Question 2: Furthermore, from what I can see, proof methods #1, and #2 are essentially the same, tackling the proof from different starting points. I also believe proof methods #1 and #2 to be of the same level of mathematical rigor (correct me if I'm wrong), because as I outlined in the notes under each proof method, that both prove the existence of a single $\delta$ for a given $\epsilon > 0$. Am I correct in this assumption? Are proof methods #1 and #2 of the same level of mathematical rigor or is one proof method more rigorous than the other?

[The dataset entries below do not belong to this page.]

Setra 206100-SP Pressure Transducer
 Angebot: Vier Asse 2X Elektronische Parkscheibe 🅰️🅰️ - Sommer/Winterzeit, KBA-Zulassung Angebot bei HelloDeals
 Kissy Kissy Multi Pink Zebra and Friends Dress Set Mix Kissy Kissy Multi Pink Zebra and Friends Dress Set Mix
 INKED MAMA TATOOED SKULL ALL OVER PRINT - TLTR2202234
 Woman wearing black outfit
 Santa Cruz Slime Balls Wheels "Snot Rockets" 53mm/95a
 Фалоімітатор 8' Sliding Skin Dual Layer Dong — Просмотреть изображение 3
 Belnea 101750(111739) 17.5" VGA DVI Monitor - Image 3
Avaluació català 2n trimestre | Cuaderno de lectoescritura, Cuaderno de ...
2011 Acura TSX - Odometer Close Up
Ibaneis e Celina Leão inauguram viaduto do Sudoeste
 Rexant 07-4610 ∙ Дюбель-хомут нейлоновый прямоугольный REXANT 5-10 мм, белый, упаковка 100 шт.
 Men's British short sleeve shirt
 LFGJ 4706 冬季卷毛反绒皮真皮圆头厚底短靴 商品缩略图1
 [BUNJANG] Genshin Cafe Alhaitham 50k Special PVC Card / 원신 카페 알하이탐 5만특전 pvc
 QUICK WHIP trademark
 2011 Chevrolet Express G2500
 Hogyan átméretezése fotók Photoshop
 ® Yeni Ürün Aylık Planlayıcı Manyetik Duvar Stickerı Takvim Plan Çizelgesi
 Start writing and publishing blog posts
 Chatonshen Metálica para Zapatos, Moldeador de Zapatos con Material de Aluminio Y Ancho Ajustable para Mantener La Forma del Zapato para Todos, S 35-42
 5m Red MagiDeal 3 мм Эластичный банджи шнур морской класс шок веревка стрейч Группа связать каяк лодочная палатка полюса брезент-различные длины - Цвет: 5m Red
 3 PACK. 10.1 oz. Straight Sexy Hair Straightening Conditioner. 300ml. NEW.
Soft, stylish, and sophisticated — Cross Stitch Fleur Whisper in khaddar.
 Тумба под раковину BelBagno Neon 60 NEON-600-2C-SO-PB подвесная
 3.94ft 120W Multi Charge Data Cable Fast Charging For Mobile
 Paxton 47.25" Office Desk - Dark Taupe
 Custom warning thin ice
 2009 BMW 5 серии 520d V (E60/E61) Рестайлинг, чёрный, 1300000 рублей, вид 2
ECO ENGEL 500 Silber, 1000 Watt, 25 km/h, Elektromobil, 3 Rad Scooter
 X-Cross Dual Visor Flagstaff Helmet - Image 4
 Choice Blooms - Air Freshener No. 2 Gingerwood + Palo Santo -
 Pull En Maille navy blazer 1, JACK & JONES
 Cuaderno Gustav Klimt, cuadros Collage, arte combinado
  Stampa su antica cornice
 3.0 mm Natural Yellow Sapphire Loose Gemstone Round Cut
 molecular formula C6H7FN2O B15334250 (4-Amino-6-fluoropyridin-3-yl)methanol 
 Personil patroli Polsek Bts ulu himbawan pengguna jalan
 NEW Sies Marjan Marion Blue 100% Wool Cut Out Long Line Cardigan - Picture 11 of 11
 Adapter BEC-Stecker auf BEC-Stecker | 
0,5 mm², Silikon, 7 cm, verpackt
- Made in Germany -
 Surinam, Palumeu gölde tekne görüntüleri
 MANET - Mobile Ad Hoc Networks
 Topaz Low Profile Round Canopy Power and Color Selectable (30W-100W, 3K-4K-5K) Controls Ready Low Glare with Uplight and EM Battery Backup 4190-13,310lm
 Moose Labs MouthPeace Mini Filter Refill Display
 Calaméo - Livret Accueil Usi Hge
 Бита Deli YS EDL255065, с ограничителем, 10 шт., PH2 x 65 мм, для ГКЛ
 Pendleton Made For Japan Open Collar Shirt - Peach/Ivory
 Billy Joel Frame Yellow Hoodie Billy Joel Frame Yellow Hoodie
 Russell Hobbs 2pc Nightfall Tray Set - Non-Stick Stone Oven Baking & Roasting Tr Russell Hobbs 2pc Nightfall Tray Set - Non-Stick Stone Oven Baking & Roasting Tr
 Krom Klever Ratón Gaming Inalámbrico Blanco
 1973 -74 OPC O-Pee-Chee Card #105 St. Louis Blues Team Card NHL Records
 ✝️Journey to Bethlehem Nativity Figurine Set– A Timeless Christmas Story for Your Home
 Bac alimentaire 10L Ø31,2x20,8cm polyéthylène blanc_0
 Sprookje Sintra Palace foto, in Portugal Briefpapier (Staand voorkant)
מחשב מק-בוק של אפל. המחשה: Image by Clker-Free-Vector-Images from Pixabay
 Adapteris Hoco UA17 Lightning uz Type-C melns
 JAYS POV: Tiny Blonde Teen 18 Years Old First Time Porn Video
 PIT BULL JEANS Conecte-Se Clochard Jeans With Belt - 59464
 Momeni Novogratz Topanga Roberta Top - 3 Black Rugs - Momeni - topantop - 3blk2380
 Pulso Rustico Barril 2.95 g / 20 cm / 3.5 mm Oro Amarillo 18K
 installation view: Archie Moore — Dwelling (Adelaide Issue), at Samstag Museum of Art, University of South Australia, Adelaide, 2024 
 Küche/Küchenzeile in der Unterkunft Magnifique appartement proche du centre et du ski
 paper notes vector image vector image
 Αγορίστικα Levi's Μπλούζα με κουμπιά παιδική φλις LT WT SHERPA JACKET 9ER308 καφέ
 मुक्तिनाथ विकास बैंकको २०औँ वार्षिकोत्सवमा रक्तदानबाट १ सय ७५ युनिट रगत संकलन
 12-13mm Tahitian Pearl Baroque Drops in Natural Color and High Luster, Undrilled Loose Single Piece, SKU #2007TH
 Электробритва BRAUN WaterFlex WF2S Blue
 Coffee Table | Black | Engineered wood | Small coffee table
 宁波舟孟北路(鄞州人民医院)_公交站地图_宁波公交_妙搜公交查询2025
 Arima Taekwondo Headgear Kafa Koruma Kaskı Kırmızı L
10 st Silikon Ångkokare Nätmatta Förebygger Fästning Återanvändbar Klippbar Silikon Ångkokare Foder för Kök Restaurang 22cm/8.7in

When $\delta(\varepsilon)$ is written as you have above, it is merely a notational reminder that our choice of $\delta$ has to depend on the $\varepsilon$ we're given -- nothing more. In fact, $\delta$ also depends on $f$, $a$, and $L$. Writing $\delta(\varepsilon)$ does not mean that $\delta$ is a function to which we may plug in $\varepsilon$ to get our limit-satisfying $\delta$-value. In that vein, the also-common notation $\delta_\varepsilon$ could be argued to be better. However, we could create an actual function which acts in the spirit of the aforementioned $\delta(\varepsilon)$ and addresses your objection that we're "throwing out" other perfectly good values of $\delta$. This is most vivid if we restrict our attention to the following setup.
We may define \begin{align} \begin{split} \delta_*(\varepsilon) &= \sup\{ \delta > 0 : a-\delta < x < a \implies |f(x) - L| < \varepsilon \}, \\ \delta^*(\varepsilon) &= \sup\{ \delta > 0 : a< x < a + \delta \implies |f(x) - L| < \varepsilon \}, \end{split} \tag{1} \end{align} with the idea that $\delta_*(\varepsilon)$ tells you how far left of $a$ you can let $x$ go while keeping $|f(x) - L| < \varepsilon$, and $\delta^*(\varepsilon)$ tells you how far right of $a$ you can let $x$ go while keeping $|f(x) - L| < \varepsilon$. (We know that $\delta_*, \delta^* > 0$ exist because those sets on the RHS of $(1)$ are nonempty according to the limit definition.) Hence the largest open $x$-interval for which $|f(x) - L| < \varepsilon$ is $$ X(\varepsilon) = \big( a - \delta_*(\varepsilon), a + \delta^*(\varepsilon) \big). $$ An issue here is that $X(\varepsilon)$ is not (necessarily) symmetric about $a$, so it doesn't (necessarily) correspond to $|x - a| < \delta$ for any $\delta$. To remedy this, we define $\hat \delta (\varepsilon) = \min\{\delta_*(\varepsilon), \delta^*(\varepsilon)\}$; then any $x$ in the interval $$ X'(\varepsilon) = \big( a - \hat \delta(\varepsilon), a + \hat \delta (\varepsilon) \big) $$ will satisfy $|f(x) - L| < \varepsilon$. Note that $X'(\varepsilon) = \{ x : |x - a| < \hat \delta(\varepsilon)\}$, and hence any $\delta$ in the interval $I(\varepsilon) = \big( 0, \hat \delta(\varepsilon) \big]$ satisfy the $\varepsilon$-$\delta$ definition of our limit. Moreover, $I(\varepsilon)$ is the largest set of values of $\delta$ that will work for a given $\varepsilon$. In other words:
This answers your Question 1. A proof of this follows @grand_chat's answer. Note that $I(\varepsilon)$ depends on $a$, $f$, and $L$ implicitly.
One thing that may bother you is that $X(\varepsilon)$ may be much bigger than $X'(\varepsilon)$, so we're "throwing out perfectly good $x$'s". The $\varepsilon$-$\delta$ definition restricts $X(\varepsilon)$ to a symmetric interval ($X'(\varepsilon)$) about $a$. Does this help address your rigor question?
Of course satisfying the definition of a limit only requires us to find one such $\delta$. The reason that this is what you describe as the preferred method by professors etc. is the existence of complicated functions $f$ which make computing $I(\varepsilon)$ very difficult: it amounts to solving $f(x) = L \pm \varepsilon$ for $x$, which is inverting $f$. Since they don't need to find $I(\varepsilon)$, but just a single point in it, they opt for less work.
Your example of a "linear" function happens to be one in which the imprecise $\delta(\varepsilon)$ which people often write coincides with $\delta_*(\varepsilon) = \delta^*(\varepsilon) = \hat \delta (\varepsilon)$ in a quite canonical way, which may deceive people into believing some property of uniqueness for $\delta(\varepsilon)$.